米国のF1チーム「USF1」の目論見(パート2)

 2010年からのF1参戦を目指す「USF1チーム」だが、本拠地をヨーロッパではなくアメリカに置くという。ヨーロッパにも施設を選択中だが、それはシーズン中の移動のための前進基地でしかなく、車両開発や経営といった中枢機能はすべて、ノースカロライナ州シャーロットに置くとしている。

 これはF1の常識を大きく覆すものだし、レース界の常識をもひっくり返すことになる。

モータースポーツの最先端はシャーロットに
 現在参戦中のF1チームのうち、ヨーロッパ大陸に本拠地を置くのはフェラーリ(イタリア)、トロロッソ(イタリア)、トヨタ(ドイツ)のみ。あとのF1チームはすべてイギリスに本拠地を置いている。IRL(インディカー)のシャーシーメーカーであるダラーラはイタリアだが、部品の多くをイギリス製に依存している。かつてのGフォース、ペンスキーなどは、インディカーを設計製作するためにイギリスに本拠地を設置したほど。

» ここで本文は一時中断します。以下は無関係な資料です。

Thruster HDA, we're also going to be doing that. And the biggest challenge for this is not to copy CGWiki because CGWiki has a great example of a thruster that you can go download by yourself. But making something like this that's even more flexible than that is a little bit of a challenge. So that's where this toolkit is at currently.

 イギリスは、モータースポーツに特化した産業が盛んで、産業革命が起こったミッドランド地方から、オックスフォード周辺を経て、ロンドン南西部に到る一帯は、モータースポーツのための高度な製品を多品種少量生産できる企業がたくさんある。このエリアをコンピューター産業で世界をリードするアメリカのシリコンヴァレーになぞらえて「モータースポーツシリコンヴァレー」と呼ぶようになり、最近では「モータースポーツヴァレー」とも呼ばれている。

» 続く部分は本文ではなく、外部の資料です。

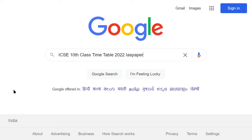Hello dear students, welcome to Indian Advanced Study. Today I am going to tell you what is the ICSE Class 10 timetable, the revised timetable. So you can check your Class 10 timetable.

 こうしたスペシャリスト企業の大部分が、MIA(英国モータースポーツ産業会)という団体に属しており、イギリスのモータースポーツ産業は英国政府も重視する重要輸出産業であり、外貨獲得と雇用創出の柱にもなっている。

 ここまでイギリスがモータースポーツ産業とテクノロジーをリードできたのは、第2次大戦後、それまで世界のトップを行っていた航空機産業が急速に衰退し、F1を中心としたモータースポーツ界がその優れた人材と下請け企業の受け皿になったからだ。

 一方、アメリカでのモータースポーツ技術と産業をリードしてきたのは、1911年からの伝統を誇るインディ500があるインディカーだ。そのため、モータースポーツ産業の中心はインディカーチームが集まるインディアナ州(とくにインディアナポリス周辺)かテキサス州とされてきた。また、参戦チームを支援する関係から、自動車メーカー3社が集まるミシガン州デトロイト周辺も中心地とされてきた。

ストックカーで競われるNASCAR(写真提供:Toyota Motosports)

 ところが、近年ではNASCAR(ストックカー)レースのほうが全米の人気を集めるようになり、アメリカのモータースポーツ産業の中心がノースカロライナ州シャーロットに大きくシフトした。シャーロットには、NASCARのスプリントカップ、ネイションワイドシリーズというトップシリーズに参戦する全チームの本拠が集まっている。これは、ある歴史的な出来事と密接にかかわっていた。

 1920~30年代のアメリカには酒類の製造と販売を禁じた禁酒法があった。そのため、アメリカ南部では密造酒作りが盛んになった。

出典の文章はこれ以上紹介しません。